My argument is that our main product at NBCS is learning. And yes, learning takes on many forms, has many guises and happens in a variety of contexts, including within and beyond the classroom, at school and at home, on stage or on the oval, in relationships and interactions.
This then raises the question: what is learning? To which our answer is that learning is the ability to make sense of the unknown, which we do by connecting it to the known. As we grow our body of knowledge, it becomes easier and easier to build schemas or models of understanding with which to make sense of the world and of the new things we come across. And we remember that there are different types of knowledge: declarative knowledge—knowing things, facts, information; procedural knowledge—knowing how to do things, build things, make things, ride a bike, use a lathe, write an essay; and experiential knowledge, which couples the above two forms through our own experiences.
Which is a long way of saying that the main thing we want for our students is to be learners, to love learning, because learning is our main product. There are, of course, lots of by-products. Some of the great by-products from school are wellbeing, Christian understanding, friendships, experiences, opportunities, and yes, even results. But the primary prism by which we view school, and its purpose, is learning. If we get the product right, then we get the happy benefit of having lots of good by-products.
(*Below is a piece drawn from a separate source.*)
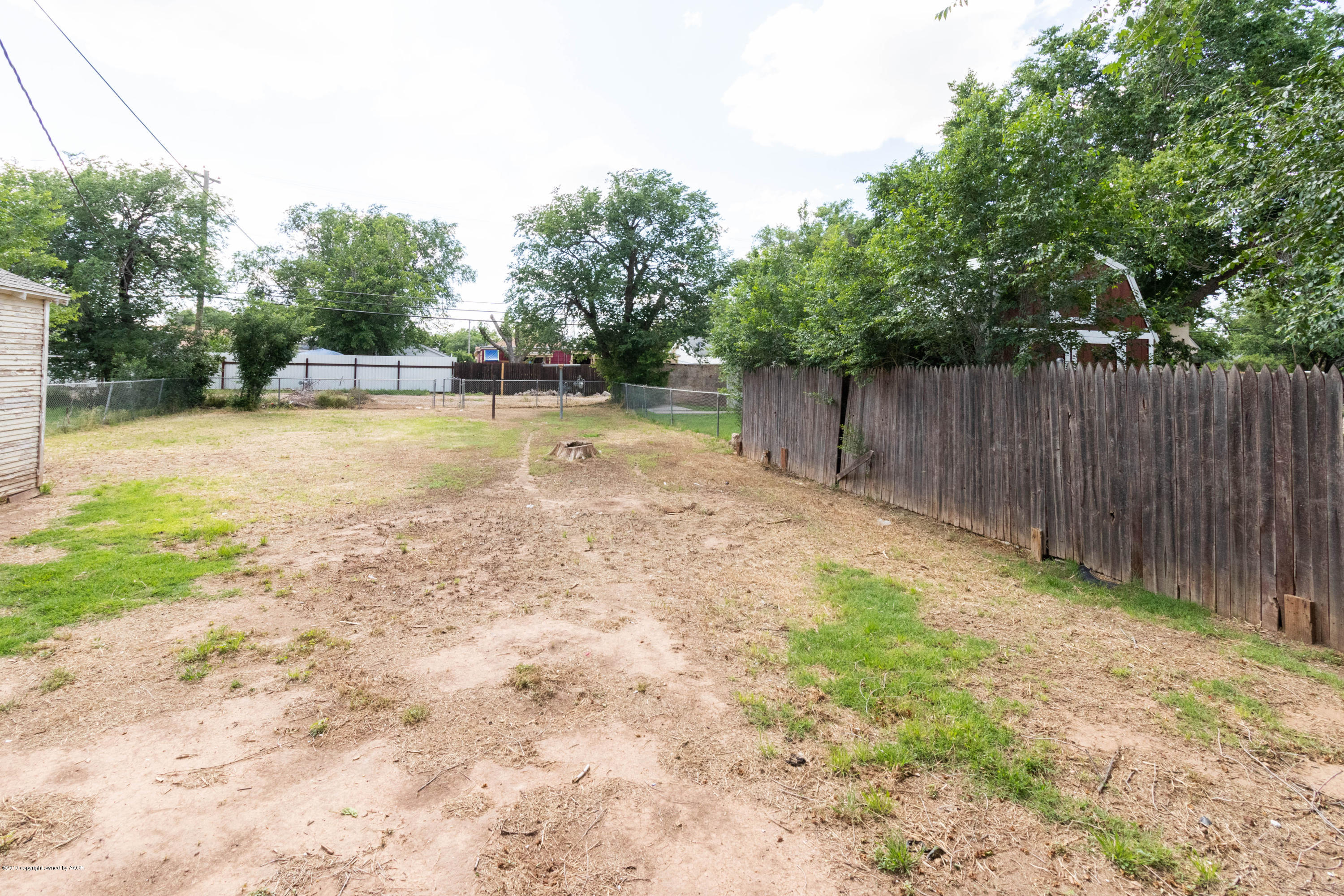 4002 South Harrison Street Amarillo, TX 79110 - Photo 19 of 21 a view of a backyard with wooden fence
But if we focus too heavily on the by-products, we then run the risk of missing the main game, learning, as well as diminishing the very by-products that we were elevating.
When our students leave NBCS, we want them to leave with six things – Values, Effort, Learning, Character, Relationships and Opportunities (VELCRO). We want all of these things for them, and between home and school, they can have these things and carry them into the future. But our first focus, as a school, is learning, in much the same way that I suspect that the first focus of home is character, but both home and school want all of these things for our students. As we all do our bit, students included, they can have the product and its by-products.